Gelişmiş ülkelerde GSMH %3 kadar kaynak Ar-Ge’ye ayrılmaktadır. Bu kaynağın %1’inin kamu kaynaklarından, %2’sinin ise özel sektör kaynaklarından olması idealdir. Ülkemizin 2023 hedefleri de bu şekildedir. TUİK ve TÜBİTAK verilerine göre 2000’li yılların başında GSMH’dan Ar-Ge için %0,45 kaynak kullanılırken bu rakam günümüzde %1’e yaklaşmıştır. Bu kaynağın hemen hemen hepsi kamu tarafından sağlanmaktadır.

Türkiye’deki temel Ar-Ge verileri incelendiğinde, son yıllarda hemen tüm verilerde olumlu yönde gelişmelerin olduğu görülmektedir. Ancak başta OECD üyesi ülkeler olmak üzere dünya ile mukayese edildiğinde ise henüz olmamız gereken yerden oldukça uzakta olduğumuz ve bu alanda daha çok gayret göstermemiz gerektiği anlaşılmaktadır. 2013 verilerine göre Türkiye 20. Sırada yer almaktadır.

2011 yılında mobilya sektörü Ar-Ge harcamalarını gerçekleştiren kalemlere baktığımızda üniversitelerin % 45 düzeyindeki bir oranla bu konuda liderliği elinde bulundurduğunu görebiliriz.
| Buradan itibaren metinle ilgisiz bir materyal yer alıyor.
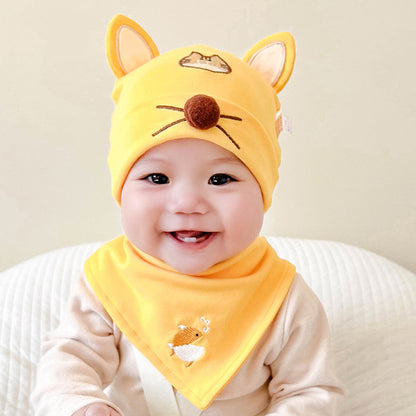 Katu Bear Infant Hat Spring & Fall 3-6-12 Months Male and Female Baby Pullover Hat Cotton 100-Day Sleeping Hat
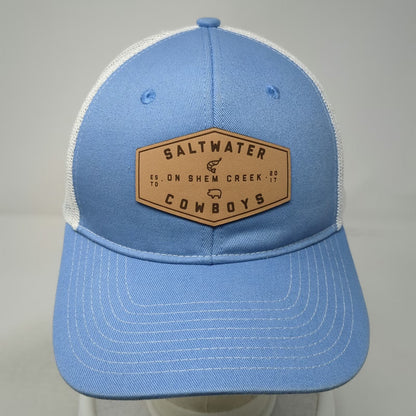 Port Authority Trucker Hat Blue White One Size Saltwater Cowboys Leather Patch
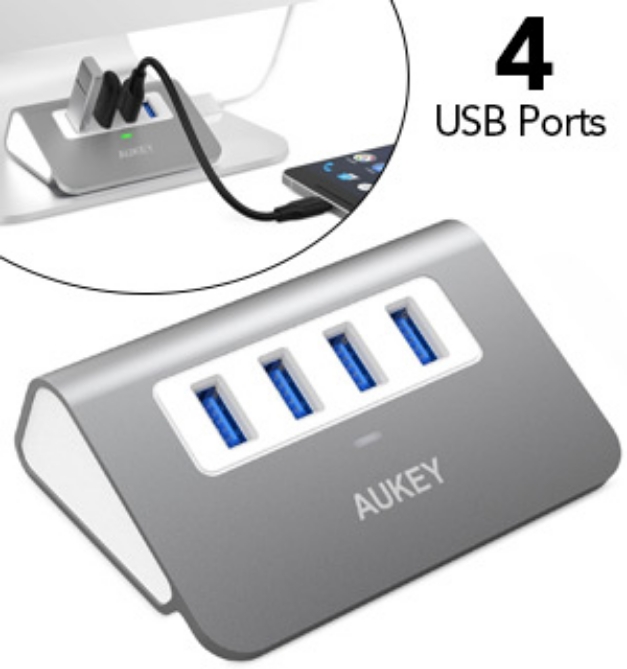 Picture 1 of Aukey 4 USB Hub Port And Power Station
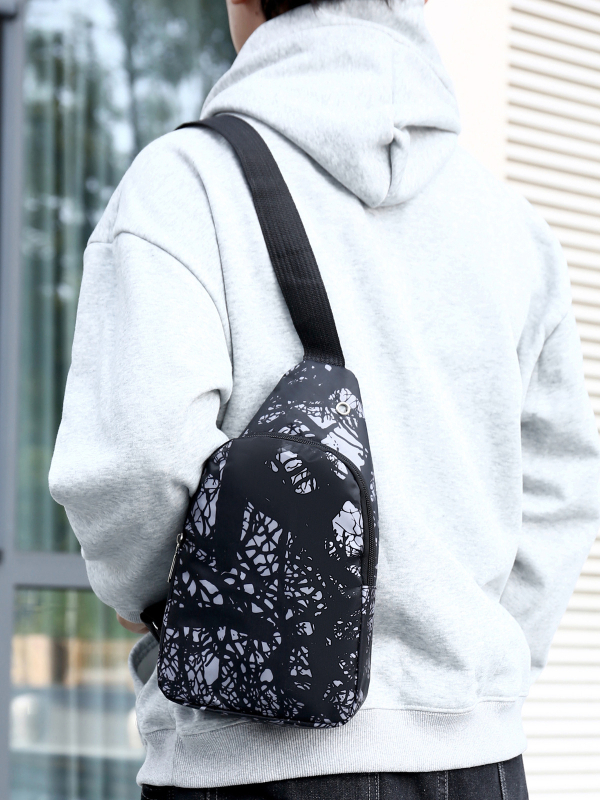 Vīriešu krūtņu soma ar siksnu: ģeometriskais raksts, Oxford audums, elpojoša oderējums no poliester, piemērota brīvdienu ceļojumiem (Materiāls: Oxford audums; Raksts: Ģeometriskais; Oderējums: Poliester; Elpojamība: Jā; Mērķis: Brīvdienu ceļojumi)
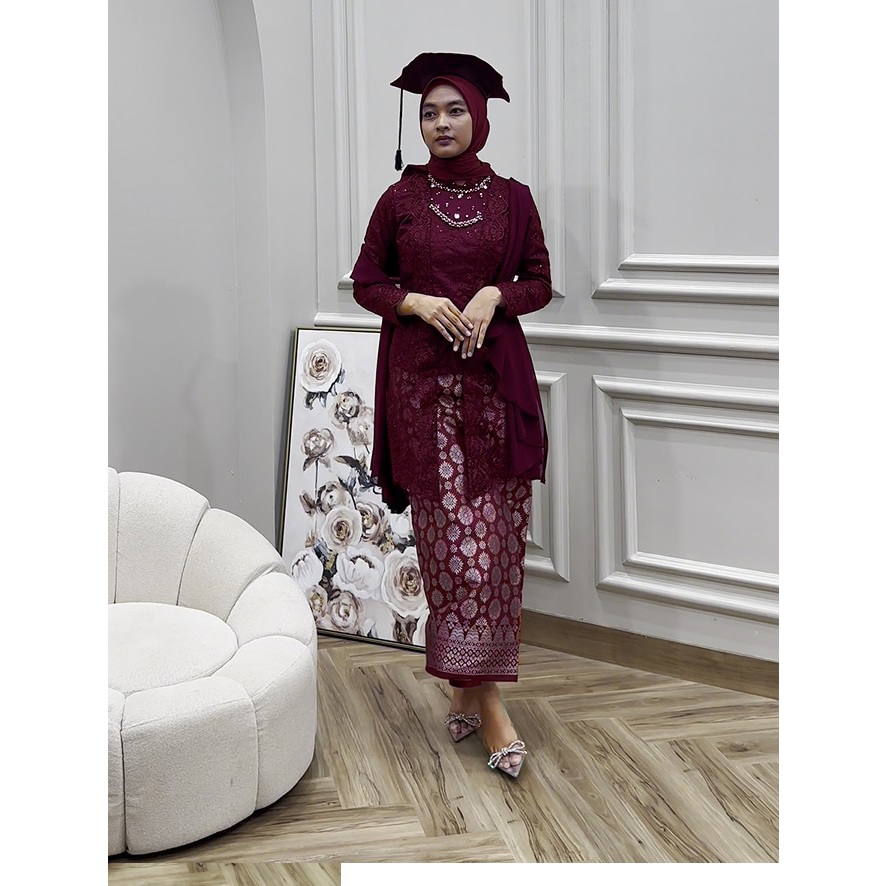 Kebaya Brokat Rok Prada Songket Kutubaru Kinara Prada Series Kebaya Songket Wisuda Lamaran Tunangan 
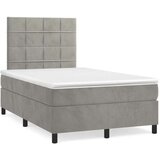 Box spring postelja z vzmetnico svetlo siva 120x200 cm žamet, (20789859) | Shoptok.si
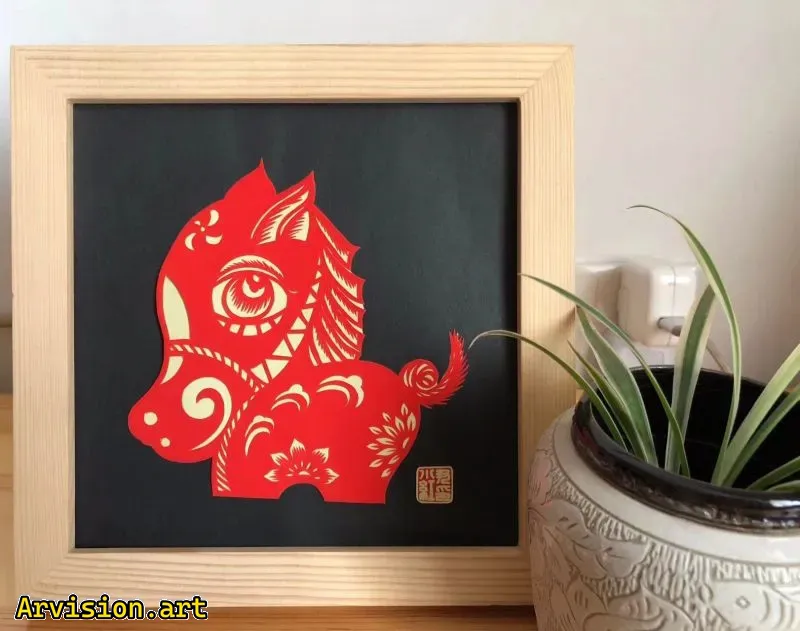 Série de chevaux du zodiaque chinois découpés en papier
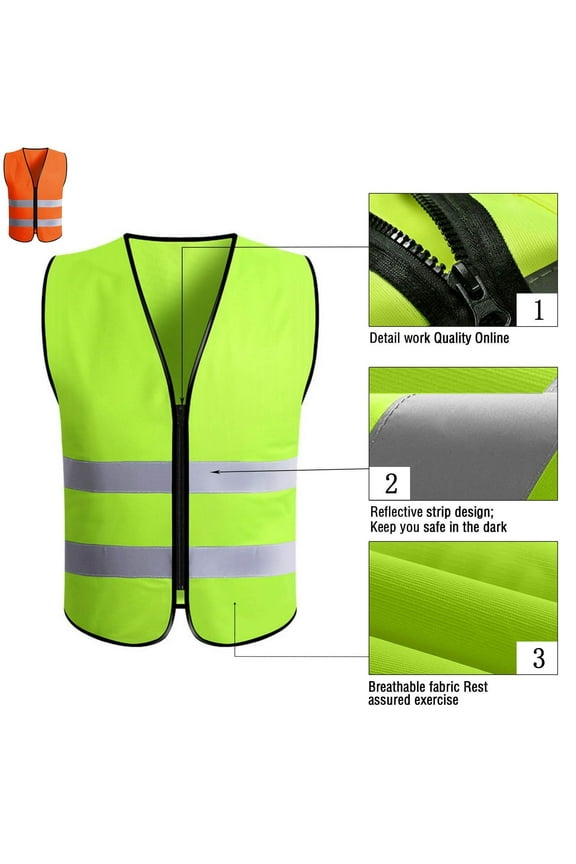 High Visibility Vest Men Zipper Front Hi Vis Reflective Safety Vests Lightweight Work Construction Tank Tops Green Free Size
Onu, % 43 civarındaki bir oranla özel sektör, % 11’lik oranla kamu kesimi takip etmektedir.

Biz de Mobilya Ar-ge Proje Pazarı çalışmamız ile Ar-ge’ye bütçe ayıramayan KOBİ’lerimize destek olmaya çalışıyoruz çünkü 2023 yılında 10 dünya markası yaratmak gibi bir hayalimiz var.